= Alton C. Parker =

Canadian police officer

Alton C. Parker (July 3, 1907 – February 28, 1989) was a Canadian police officer who became the first black Canadian detective. A native of Windsor, Ontario, he entered the Windsor Police Service in September 1942 as a constable. After a 28-year career and various volunteer positions, he received several honours, including the Order of Canada.

==Early life==

Alton C. Parker was born in Windsor, Ontario, on July 3, 1907, where he remained for the rest of his life. A mechanic by trade, he worked as a foreman at a used car dealership. He was also president of the Central Citizens Association, a group organized to (among other things) employ black people in Windsor's public services. He was the most qualified candidate to enter the police force.

==Career==
On September 1, 1942, Parker was hired by the Windsor Police Service as a constable.
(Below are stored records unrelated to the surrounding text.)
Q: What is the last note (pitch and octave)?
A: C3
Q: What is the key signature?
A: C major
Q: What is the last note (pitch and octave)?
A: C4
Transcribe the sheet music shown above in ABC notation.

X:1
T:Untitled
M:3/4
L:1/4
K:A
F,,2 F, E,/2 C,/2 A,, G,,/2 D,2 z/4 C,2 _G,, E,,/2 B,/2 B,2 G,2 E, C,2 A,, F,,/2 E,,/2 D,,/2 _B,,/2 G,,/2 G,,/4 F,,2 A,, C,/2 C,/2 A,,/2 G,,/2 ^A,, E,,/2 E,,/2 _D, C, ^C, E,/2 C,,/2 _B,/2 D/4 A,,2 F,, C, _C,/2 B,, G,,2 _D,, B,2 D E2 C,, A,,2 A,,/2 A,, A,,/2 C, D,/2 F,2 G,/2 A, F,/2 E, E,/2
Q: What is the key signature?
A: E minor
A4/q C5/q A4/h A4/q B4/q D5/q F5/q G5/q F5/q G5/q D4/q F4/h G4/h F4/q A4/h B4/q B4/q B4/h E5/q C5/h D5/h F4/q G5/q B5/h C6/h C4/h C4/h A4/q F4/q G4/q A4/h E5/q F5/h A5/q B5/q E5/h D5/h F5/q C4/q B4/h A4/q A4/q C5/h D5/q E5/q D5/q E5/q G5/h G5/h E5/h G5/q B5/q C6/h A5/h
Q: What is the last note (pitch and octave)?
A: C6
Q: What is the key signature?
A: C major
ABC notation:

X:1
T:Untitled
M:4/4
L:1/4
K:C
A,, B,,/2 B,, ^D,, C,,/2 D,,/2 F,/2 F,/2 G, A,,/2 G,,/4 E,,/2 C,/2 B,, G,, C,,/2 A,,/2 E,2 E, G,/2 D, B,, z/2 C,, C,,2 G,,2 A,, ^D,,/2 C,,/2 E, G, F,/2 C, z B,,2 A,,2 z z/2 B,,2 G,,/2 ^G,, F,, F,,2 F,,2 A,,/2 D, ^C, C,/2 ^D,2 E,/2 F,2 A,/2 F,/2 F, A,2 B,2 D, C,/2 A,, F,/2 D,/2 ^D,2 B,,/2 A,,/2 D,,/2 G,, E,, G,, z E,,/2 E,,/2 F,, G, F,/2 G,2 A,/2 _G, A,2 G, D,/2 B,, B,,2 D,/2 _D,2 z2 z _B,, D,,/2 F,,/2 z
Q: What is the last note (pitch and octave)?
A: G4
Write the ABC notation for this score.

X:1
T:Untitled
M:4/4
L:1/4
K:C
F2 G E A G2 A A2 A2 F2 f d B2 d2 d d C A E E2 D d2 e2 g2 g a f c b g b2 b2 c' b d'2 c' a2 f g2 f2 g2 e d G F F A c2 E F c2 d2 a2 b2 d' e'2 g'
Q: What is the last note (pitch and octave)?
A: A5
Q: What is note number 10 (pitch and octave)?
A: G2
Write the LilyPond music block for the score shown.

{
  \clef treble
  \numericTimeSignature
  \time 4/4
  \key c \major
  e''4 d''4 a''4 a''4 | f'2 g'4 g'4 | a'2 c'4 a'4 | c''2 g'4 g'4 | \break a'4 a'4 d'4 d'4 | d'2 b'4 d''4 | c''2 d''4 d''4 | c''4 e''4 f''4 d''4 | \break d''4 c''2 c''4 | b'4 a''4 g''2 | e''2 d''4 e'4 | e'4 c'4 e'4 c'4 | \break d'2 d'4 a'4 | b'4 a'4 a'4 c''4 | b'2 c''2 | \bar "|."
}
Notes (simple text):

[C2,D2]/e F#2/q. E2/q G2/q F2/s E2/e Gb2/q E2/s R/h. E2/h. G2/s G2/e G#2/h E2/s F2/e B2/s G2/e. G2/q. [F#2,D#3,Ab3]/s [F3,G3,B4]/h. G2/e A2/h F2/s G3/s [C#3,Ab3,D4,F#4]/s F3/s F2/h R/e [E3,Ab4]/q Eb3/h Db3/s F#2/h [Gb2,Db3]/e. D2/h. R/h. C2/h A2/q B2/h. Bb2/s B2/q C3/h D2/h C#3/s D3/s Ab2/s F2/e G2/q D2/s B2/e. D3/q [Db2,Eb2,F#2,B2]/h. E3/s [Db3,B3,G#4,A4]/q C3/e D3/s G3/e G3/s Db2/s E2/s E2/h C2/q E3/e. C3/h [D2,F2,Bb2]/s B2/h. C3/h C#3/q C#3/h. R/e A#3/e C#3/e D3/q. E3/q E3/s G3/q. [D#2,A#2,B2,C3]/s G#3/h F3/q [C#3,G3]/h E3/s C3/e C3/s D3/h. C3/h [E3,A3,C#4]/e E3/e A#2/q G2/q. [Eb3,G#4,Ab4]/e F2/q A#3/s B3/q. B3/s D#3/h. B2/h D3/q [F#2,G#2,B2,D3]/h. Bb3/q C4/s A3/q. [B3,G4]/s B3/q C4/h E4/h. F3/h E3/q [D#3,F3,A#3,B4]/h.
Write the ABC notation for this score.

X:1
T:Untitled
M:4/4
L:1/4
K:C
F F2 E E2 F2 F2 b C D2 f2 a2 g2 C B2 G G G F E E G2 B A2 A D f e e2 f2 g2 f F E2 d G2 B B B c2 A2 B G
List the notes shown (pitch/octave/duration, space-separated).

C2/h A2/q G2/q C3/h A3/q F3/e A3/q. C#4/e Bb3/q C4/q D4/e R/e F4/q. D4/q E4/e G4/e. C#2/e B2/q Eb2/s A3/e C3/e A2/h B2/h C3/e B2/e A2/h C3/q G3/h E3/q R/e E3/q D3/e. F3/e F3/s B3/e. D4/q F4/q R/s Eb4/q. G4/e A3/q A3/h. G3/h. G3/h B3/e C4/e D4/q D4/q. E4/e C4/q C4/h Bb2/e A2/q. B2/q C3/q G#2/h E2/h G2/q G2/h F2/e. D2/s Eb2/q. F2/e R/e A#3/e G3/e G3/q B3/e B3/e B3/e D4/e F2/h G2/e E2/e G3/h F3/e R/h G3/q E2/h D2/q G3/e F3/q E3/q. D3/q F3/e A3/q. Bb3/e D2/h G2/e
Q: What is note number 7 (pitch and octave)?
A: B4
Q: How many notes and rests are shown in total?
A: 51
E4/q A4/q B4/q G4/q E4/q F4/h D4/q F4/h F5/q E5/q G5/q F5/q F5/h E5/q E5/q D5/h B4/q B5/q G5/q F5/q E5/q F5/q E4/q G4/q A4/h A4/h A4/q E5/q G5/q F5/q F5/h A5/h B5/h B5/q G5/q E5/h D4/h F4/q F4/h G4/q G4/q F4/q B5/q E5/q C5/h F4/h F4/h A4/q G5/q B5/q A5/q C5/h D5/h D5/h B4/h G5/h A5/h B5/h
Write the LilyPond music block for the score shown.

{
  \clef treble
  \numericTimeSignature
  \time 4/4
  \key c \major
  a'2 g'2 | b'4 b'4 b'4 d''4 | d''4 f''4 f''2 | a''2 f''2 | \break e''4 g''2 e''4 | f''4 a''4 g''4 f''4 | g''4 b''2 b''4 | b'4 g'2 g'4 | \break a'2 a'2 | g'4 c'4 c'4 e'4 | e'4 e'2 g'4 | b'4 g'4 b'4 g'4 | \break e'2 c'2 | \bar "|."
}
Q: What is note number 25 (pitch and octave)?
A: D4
His appointment met some resistance before his professional demeanor swayed those fellow officers. On July 28, 1951, he was promoted by Chief Constable Farrow to become Canada's first black detective. He was a founding member of Apartment Living for Physically Handicapped Adults (ALPHA). In the 1960s, he became a director of Goodwill Industries and hosted an annual children's event at Broadhead Park, a site renamed in his honor in 1976.

==Later life and death==
Parker retired on December 30, 1970. In 1976, he was appointed to the Order of Canada. He also received the Ontario Medal for Good Citizenship and the Queen Elizabeth II Silver Jubilee Medal.

Parker died on February 28, 1989, aged 81; his funeral service attracted such a large crowd that loudspeakers and radio carried the speeches to many listeners.